Below are records with pictures in them. Transcribe everything from the line containing "Picture of HELLEBORUS" down to the line containing "Screenshot of evgeniakim.lat", exactly, and leave the pictures behind.

BEGIN Given data

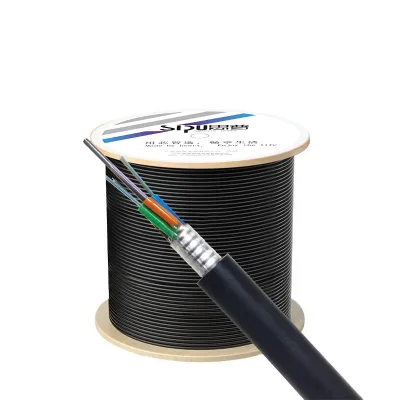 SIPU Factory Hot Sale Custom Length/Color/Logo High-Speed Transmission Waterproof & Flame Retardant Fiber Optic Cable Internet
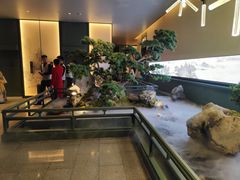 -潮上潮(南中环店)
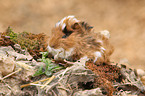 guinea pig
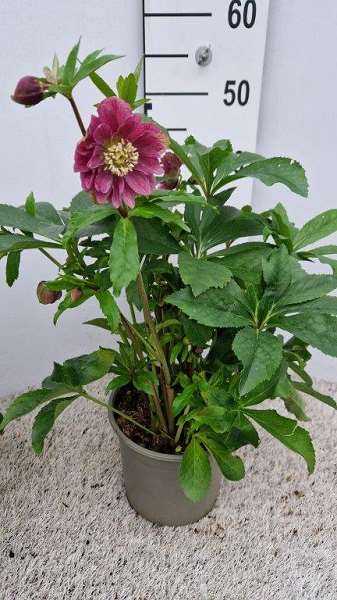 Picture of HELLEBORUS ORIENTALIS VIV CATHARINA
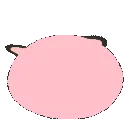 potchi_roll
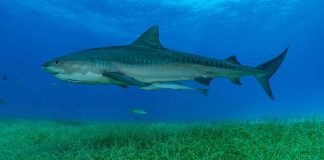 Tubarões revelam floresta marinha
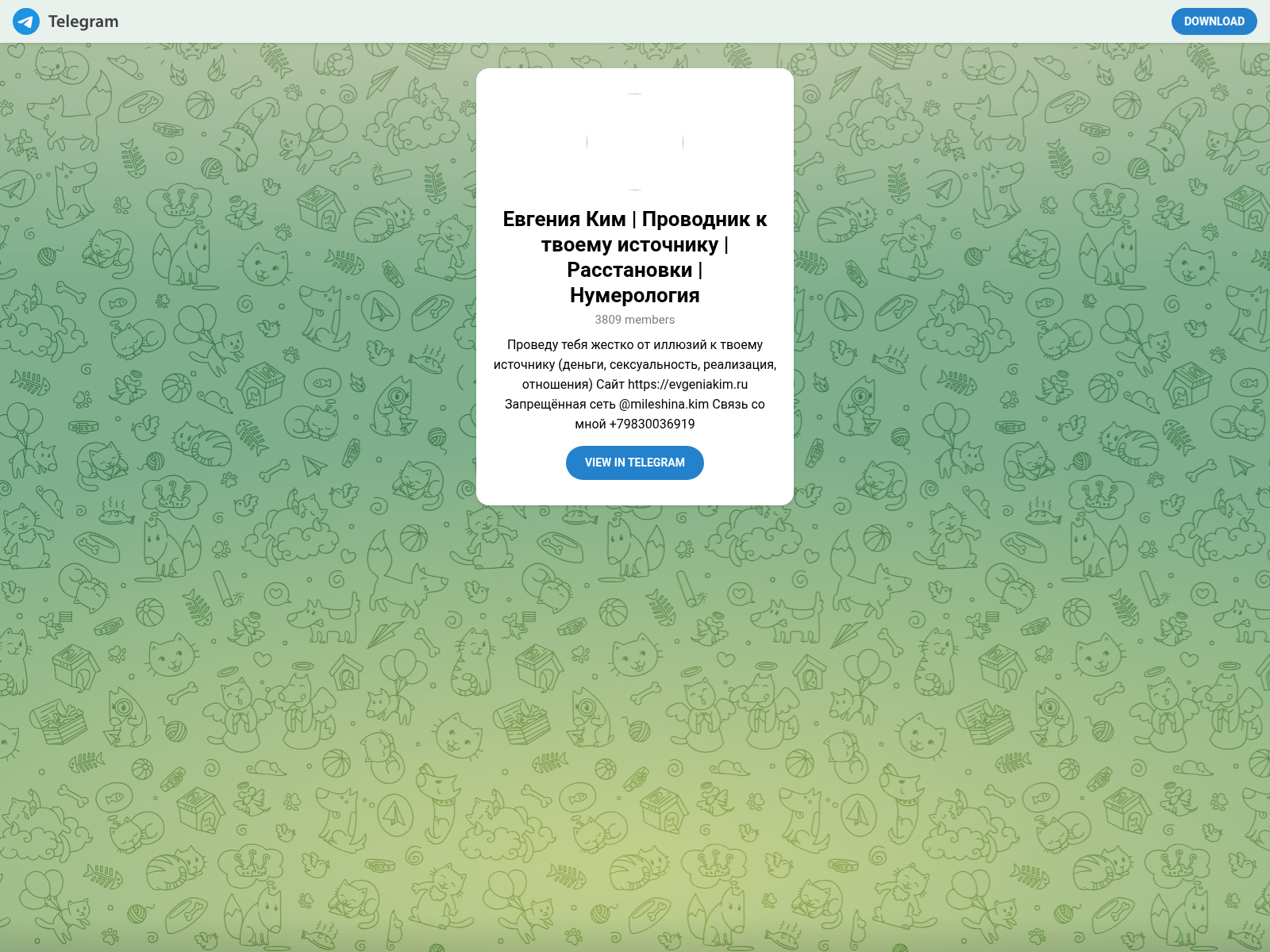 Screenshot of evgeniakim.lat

END Given data
BEGIN Given data

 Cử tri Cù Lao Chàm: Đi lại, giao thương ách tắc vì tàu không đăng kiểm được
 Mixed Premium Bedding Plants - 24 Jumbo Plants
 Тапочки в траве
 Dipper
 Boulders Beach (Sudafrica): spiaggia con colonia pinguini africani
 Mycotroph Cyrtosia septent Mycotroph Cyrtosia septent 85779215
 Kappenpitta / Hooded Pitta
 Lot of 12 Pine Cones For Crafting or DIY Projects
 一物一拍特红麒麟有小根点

END Given data
BEGIN Given data

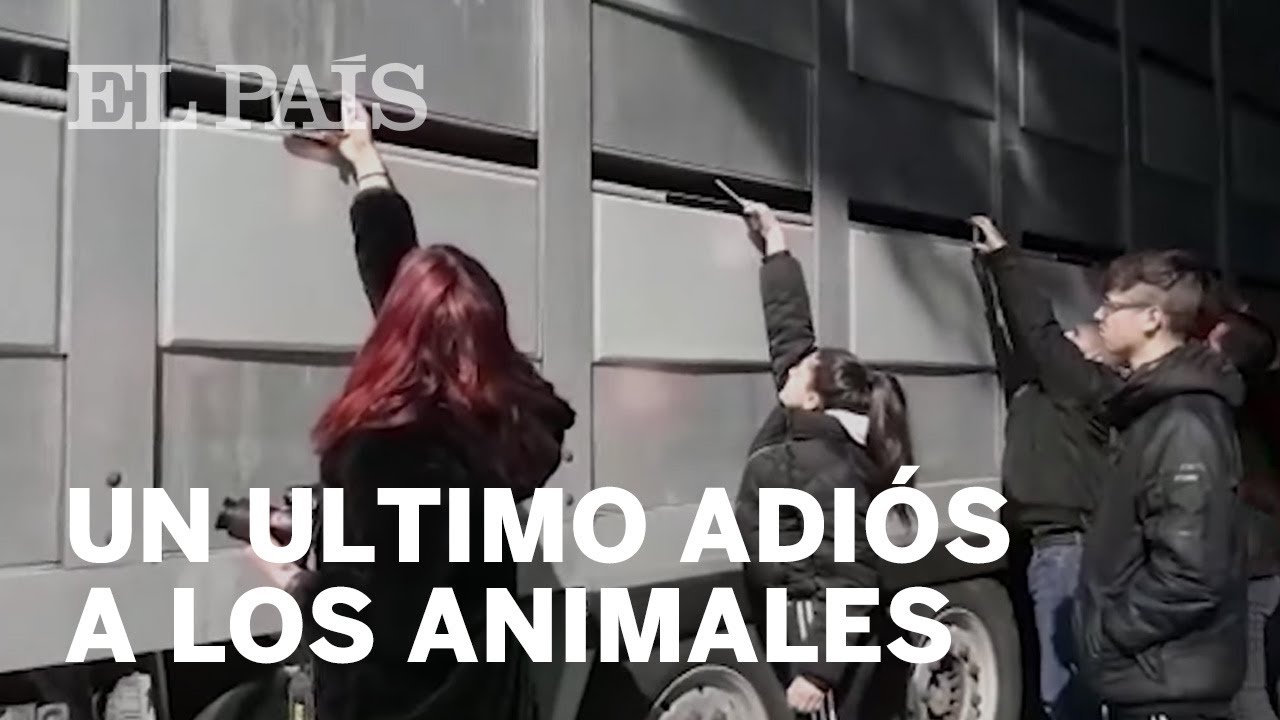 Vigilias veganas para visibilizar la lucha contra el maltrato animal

END Given data

## Result:
 Picture of HELLEBORUS ORIENTALIS VIV CATHARINA
 potchi_roll
 Tubarões revelam floresta marinha
 Screenshot of evgeniakim.lat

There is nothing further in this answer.